Ein Desiderat bleibt auch die genauere Kenntnis über Trogers Frühzeit, über die auch nach Kronbichlers Monografie noch weitgehende Unklarheit herrscht. Zeitgenössische Nachrichten legen nahe, dass der in Welsberg/Südtirol geborene Troger bereits um 1714 in der Werkstatt des Fleimstaler Malers Guiseppe Alberti in Cavalese tätig war. Werke aus dieser Zeit sind nicht dokumentiert, doch hat die Lokalforschung in jüngster Zeit versucht, neu aufgetauchte Freskendekorationen in Mezzocorona [3] und zuletzt in Cavalese [4] für ihn in Anspruch zu nehmen. Kronbichler hat diese Neufunde zwar unter die fraglichen Fresken aufgenommen (F 1-9), doch ein eindeutiges Bekenntnis zu Trogers Autorschaft vermieden. Zumindest eine Beteiligung Trogers an diesen Werken erscheint aber angesichts eines signierten Gemäldes möglich, das stilistisch den Fresken nahesteht, doch von Kronbichler den nicht gesicherten Gemälden zugeordnet wird (Gg 75). Hier besteht noch Diskussionsbedarf, um "Troger vor Troger" beurteilen zu können; [5] Neufunde und Untersuchungen zum künstlerischen Umfeld im Trentino könnten hier weiteren Aufschluss geben. Als gesichert hingegen darf gelten, dass Trogers künstlerische Entwicklung entscheidend durch nicht dokumentierte, aber von Zeitgenossen wie Anton Roschmann und Freiherr von Sperges überlieferte Aufenthalte in Venedig und in Rom befördert wurde. Ein Hinweis auf Trogers Aufenthalt in Venedig könnte die Zeichnung eines Flussgottes in der National Gallery in Washington sein [6], die Troger aufgrund einer alten Beschriftung zugeschrieben wird und deutliche Parallelen zu Zeichnungen Giambattista Piazettas zeigt. Erst in Italien legte Troger die noch näher zu bestimmenden Grundlagen für seine Kunst, die ihn seit 1728 - als er erstmals nördlich der Alpen als Freskomaler tätig war - befähigte, zum bedeutendsten Freskanten und Altarbildmaler der ersten Jahrhunderthälfte in Österreich aufzusteigen.
Anmerkungen:
[1] Vor allem die Stifte in Niederösterreich veranstalteten Ausstellungen um die vor Ort befindlichen Werke Trogers: Paul Troger & Altenburg, Ausst.-Kat. Stift Altenburg, mit Beiträgen von Andreas Gamerith / Monika Dachs-Nickel, Altenburg 2012; Paul Troger und Stift Zwettl, Ausstellung Stift Zwettl 2012; Österreichs Glorie am Trogerhimmel. Die Göttweiger Kaiserstiege, zum 250. Todesjahr Paul Trogers (1698-1762), Ausst.-Kat. Benediktinerstift Göttweig, mit Beiträgen von Gregor M. Lechner / Bernhard Rameder, Göttweig 2012; Paul Troger im Stift Melk. Ausstellung Stift Melk 2012. Darüber hinaus zu nennen ist Paul Troger. Vision und Andacht. Ausstellung zum 250. Todestag, Ausst.-Kat. Diözesanmuseum St. Pölten, St. Pölten 2012.

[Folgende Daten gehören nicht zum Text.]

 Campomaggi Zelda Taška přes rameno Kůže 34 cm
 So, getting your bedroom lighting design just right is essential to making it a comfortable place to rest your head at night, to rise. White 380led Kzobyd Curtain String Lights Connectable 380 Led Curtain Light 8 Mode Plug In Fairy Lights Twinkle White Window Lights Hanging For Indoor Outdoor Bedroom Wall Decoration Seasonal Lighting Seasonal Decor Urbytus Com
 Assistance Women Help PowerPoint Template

[2] Wanda Aschenbrenner / Gregor Schweighofer: Paul Troger. Leben und Werk, Salzburg 1965.
[3] Paul Troger 1698-1762. Neue Forschungsergebnisse / Novità e revisioni, hg. von Bruno Passamani, Mezzocorona 1997.
[4] Elvio Mich: Per gli inizi di Paul Troger. Un ciclo di affreschi in Casa Ress in Cavalese, in: Der Schlern 86 (2012), 40-49.
[5] Vgl. Hanns-Paul Ties: Paul Troger vor Paul Troger. Überlegungen zu den Deckenfresken im Palazzo Firmian in Mezzocorona, in: Der Schlern 86 (2012), 6-39.
[6] Flussgott, rote Kreide, weiß gehöht, 432 x 531 mm, Washington, National Gallery of Art, Inv. Nr. 2001.63.2, nicht bei Kronbichler.